Pero Christopher Domínguez Michael en Letras Libres nos recuerda que Virginia Woolf situó el cambio doce años antes del Ulises: “Hacia diciembre de 1910, el carácter humano cambió”. Del mismo modo que el arte paleolítico modificó nuestra mente, Woolf parece sugerir que la “nueva ficción” lo estaba cambiando todo. Su frase la suscribiríamos muchos, y más ahora que, a la velocidad de la sombra, todo cambia más que nunca y ni siquiera nos deja ya pasmados. Es más, a la vista del caos general, uno piensa que ahora se podría acuñar una frase parecida diciendo que este enero de 2022 el carácter humano ha vuelto a modificarse, aunque en este caso para hundirse en un retroceso.

Si quisiéramos olvidarnos, aunque fuera por un momento, de esta cuesta abajo, podría bastarnos con rescatar cualquier frase de Petersburgo, de Andrei Biely, la revolucionaria novela que se adelantó seis años al Ulises. Editada en tierra rusa en 1916, Petersburgo, con su voluntad de transformación literaria absoluta, estuvo circulando como leyenda cincuenta años entre los lectores europeos, aunque sólo empezó a ser leída en 1967 gracias a una inmejorable traducción al francés y también, por supuesto, a que en 1975 Nabokov la situó entre “una de las cuatro obras maestras de la prosa del siglo”
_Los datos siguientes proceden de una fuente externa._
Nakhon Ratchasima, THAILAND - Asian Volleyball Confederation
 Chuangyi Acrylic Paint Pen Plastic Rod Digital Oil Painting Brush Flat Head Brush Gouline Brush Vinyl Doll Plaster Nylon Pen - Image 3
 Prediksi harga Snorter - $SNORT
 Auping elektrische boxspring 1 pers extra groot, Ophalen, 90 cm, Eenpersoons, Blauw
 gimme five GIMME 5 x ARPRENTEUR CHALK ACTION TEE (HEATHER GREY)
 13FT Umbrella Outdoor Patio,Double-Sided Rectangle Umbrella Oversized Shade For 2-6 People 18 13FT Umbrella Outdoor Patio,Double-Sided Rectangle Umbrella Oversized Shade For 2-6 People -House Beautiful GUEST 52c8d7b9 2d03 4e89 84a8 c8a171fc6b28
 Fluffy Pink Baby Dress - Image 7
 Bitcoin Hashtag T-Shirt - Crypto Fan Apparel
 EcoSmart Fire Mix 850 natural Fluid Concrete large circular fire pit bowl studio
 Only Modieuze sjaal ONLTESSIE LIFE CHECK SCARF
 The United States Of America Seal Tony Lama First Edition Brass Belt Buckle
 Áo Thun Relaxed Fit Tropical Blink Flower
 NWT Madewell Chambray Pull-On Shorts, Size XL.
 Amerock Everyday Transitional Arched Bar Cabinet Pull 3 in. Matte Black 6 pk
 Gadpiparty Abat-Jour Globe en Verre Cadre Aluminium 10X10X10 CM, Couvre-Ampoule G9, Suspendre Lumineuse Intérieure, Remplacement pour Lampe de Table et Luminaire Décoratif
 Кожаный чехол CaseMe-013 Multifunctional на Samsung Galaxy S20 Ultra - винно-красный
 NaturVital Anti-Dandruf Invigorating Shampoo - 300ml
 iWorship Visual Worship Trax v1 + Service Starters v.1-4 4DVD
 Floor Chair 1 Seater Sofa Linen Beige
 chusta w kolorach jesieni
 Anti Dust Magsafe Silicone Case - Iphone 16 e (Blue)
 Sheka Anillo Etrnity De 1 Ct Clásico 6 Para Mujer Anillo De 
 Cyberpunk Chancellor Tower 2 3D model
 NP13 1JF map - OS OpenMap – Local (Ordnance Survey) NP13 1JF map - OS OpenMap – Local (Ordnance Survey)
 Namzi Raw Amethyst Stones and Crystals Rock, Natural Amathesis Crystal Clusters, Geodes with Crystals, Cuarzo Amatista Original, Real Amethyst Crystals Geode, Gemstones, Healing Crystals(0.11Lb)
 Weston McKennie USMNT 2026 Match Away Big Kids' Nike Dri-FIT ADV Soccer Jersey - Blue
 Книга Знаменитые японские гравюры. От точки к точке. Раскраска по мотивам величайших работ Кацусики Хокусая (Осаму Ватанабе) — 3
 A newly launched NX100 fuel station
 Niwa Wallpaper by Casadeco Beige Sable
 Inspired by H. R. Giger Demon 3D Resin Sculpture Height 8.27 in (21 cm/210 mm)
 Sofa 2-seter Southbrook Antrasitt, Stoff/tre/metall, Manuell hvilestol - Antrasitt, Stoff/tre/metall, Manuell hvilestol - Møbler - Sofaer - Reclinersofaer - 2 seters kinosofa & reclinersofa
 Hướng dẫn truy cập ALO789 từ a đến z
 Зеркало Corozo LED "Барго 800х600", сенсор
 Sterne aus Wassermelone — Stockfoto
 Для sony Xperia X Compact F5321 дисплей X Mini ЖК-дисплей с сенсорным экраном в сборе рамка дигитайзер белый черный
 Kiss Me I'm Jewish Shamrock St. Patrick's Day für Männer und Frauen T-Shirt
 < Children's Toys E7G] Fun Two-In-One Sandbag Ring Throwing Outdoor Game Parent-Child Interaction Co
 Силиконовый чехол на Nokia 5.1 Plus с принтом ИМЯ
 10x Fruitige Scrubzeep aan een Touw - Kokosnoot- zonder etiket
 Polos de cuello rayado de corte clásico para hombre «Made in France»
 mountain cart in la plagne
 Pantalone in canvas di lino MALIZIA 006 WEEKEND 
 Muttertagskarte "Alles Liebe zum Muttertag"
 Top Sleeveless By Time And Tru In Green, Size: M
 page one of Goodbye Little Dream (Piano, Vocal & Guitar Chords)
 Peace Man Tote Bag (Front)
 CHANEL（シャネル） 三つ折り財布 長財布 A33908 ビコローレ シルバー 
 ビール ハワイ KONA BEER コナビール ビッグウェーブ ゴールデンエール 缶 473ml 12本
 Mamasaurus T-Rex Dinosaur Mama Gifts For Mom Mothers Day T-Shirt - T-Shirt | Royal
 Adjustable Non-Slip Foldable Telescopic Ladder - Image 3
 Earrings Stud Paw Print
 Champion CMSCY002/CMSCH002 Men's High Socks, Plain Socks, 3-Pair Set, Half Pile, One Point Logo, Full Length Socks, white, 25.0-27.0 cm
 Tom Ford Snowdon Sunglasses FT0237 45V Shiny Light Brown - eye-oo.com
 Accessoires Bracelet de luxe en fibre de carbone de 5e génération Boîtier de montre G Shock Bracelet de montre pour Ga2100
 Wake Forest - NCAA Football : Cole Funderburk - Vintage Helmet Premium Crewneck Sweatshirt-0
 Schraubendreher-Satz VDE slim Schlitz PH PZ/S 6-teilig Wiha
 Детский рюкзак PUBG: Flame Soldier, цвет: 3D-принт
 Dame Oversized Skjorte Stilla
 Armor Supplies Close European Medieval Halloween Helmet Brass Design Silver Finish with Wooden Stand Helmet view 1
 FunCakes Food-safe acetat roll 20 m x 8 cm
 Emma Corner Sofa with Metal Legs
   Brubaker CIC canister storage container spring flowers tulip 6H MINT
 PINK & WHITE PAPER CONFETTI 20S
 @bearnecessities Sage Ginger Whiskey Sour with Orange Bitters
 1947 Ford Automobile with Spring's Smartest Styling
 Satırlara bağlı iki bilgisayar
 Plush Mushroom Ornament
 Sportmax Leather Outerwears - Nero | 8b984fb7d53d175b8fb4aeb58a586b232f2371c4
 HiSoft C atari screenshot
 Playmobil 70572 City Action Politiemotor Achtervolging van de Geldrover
Escribe Biely en Petersburgo que el hombre es un vestigio de otra cosa y que lo visible no es sino un resto de lo invisible, lo que explicaría que a ese hombre lo hayamos visto más de una vez cambiar de carácter y también que Petersburgo (Akal, 2018) sea una novela que se abre a muchas interpretaciones: mística, metaficcional, psicoanalítica, propuesta de espiritualización de la vida, historia de un parricidio y novela policiaca y política, con dinamita en la bodega también.

La trama nos presenta al joven Nikolai Apolónovich al que el Partido, aprovechándose del odio que le tiene a su padre, el senador zarista Apolón Apolónovich Ableújov, lo induce a ponerle una bomba en su despacho, un artefacto oculto en una lata de sardinas (humor cervantino). Y, a partir de aquel momento, el tic tac de la bomba desgrana el suspense y el horror que emite la protagonista real de la novela, Petersburgo, ciudad infernal, metrópoli agrietada, boca de sombra sibilina por la que habla el abismo. Como dice Pedro B. Rey, la presencia de la ciudad, ese monstruo palpitante y anónimo, es lo que parece vincular a Petersburgo con Joyce, aunque luego se pregunta, nos preguntamos, si no será al revés. El artefacto de Biely no puede deberle nada, claro está, a un Ulises que todavía estaba por venir.